Another form of pitting is an attack common to stainless steels. Stainless steels develop an oxide surface layer that protects the base metal. This oxide layer may be penetrated by impurities in the water. Chloride is a particularly notorious pitting agent, and it will attack some grades of stainless steel, including one of the most commonly used heat exchanger materials, 304 stainless. As the attack continues, the chloride concentration in the pit increases and the pH goes down, further exacerbating the problem.
Remember that although stainless steels are widely used throughout the power, chemical, and manufacturing industries for piping, vessels, heat exchangers, and other equipment, some people assume that stainless materials are bulletproof. This is a myth. If stainless steels are selected improperly or for the wrong application, corrosion failures can occur rapidly.
Crevice Corrosion: Crevice corrosion almost can be thought of as pitting, but in this case a mechanical factor, namely the physical joining together of two metals, leads to sites (crevices) that become oxygen depleted. These sites become anodic to the exposed metal surface and corrode in a similar mechanism to the under-deposit process.
Galvanic Corrosion: Galvanic corrosion occurs when two dissimilar metals are coupled together in a corrosive medium. The more passive of the two serves as a cathode and the more reactive becomes an anode. Galvanic corrosion can be especially severe when a small anode is coupled with a large cathode. One classic example is of copper plates that are connected by steel rivets in seawater service. Corrosion of the rivets can be intense. The reverse situation, namely copper rivets holding steel plates, is better from a corrosion standpoint, as a large anode is coupled to a small cathode. Although corrosion of the steel still occurs, metal loss is less severe.
Erosion Corrosion: Erosion-corrosion is a combination of physical and chemical attack. It occurs when a flowing stream erodes the outer layer of the metal exposing fresh metal to further corrosion. High fluid velocity or disturbances in flow patterns may initiate erosion-corrosion. A special form of erosion-corrosion, flow-accelerated-corrosion (FAC), has caused great concern in the power industry.
Stress Corrosion Cracking: Stress corrosion cracking (SCC) is another mechanical/chemical mechanism. The corrosion occurs at stress points in metals, which are attacked by a specific agent. The 304 and 316 stainless steels offer a good example. When placed under stress in a corrosive environment, such as a solution containing chlorides, the material will begin to corrode at the stress points. Turbine blades are prime locations for SCC, as they are constantly under stress.

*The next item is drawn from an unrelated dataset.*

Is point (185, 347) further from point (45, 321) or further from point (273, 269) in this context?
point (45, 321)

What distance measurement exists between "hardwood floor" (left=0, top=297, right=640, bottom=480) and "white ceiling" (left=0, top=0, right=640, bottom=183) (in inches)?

Fatigue and Corrosion Fatigue: Breaking a wire by bending it back and forth repeatedly until it fails is an example of fatigue in which failure was caused by cyclical stress. Fatigue-related failures occur commonly at support locations in boilers where, as the tubes heat or cool, stress is placed at the point of attachment. Cyclical stresses are common in rotating machinery, and components may fail by fatigue in such locations. If fatigue stresses occur in an environment containing aggressive chemicals, fatigue failures are often accelerated. The chemical can penetrate metal at fatigue cracks to increase the cracking rate.
Intergranular Corrosion: Intergranular corrosion occurs along the grain boundaries of metals. This attack is often set up by poor heat treatment of the metal. Improper heating or cooling of an alloy may occur during the fabrication process, or more often, when the material is being welded in the field. The extreme heat generated during welding can alter the crystalline structure of the alloy and reduce corrosion resistance. Many stainless steel failures have occurred due to poor welding, where the heat from the process causes chromium to combine with carbon into small globules. Chromium carbide precipitation reduces chromium’s ability to form a protective oxide layer on the steel surface and opens the way for corrosion.
Dealloying: Dealloying is the selective leaching of one metal from an alloy. Two of the most common forms are dezincification and denickelification of Admiralty metal and copper-nickel alloys, respectively. Although debate exists as to the exact corrosion mechanism, the results are similar: The zinc or nickel departs, leaving a spongy copper mass behind.
Exfoliation: Exfoliation is a readily observable phenomenon as flakes of metal appear on the pipe or tube surface. These flakes will often wash downstream and foul other areas of the steam generating system. Exfoliation may be the result of mechanical factors more than chemical attack. Exfoliation is commonly observed in high-temperature tubes and piping, where the high temperatures generate thick oxide layers. Cyclic operation places mechanical stress on the deposits, and eventually they begin to break loose and transport elsewhere.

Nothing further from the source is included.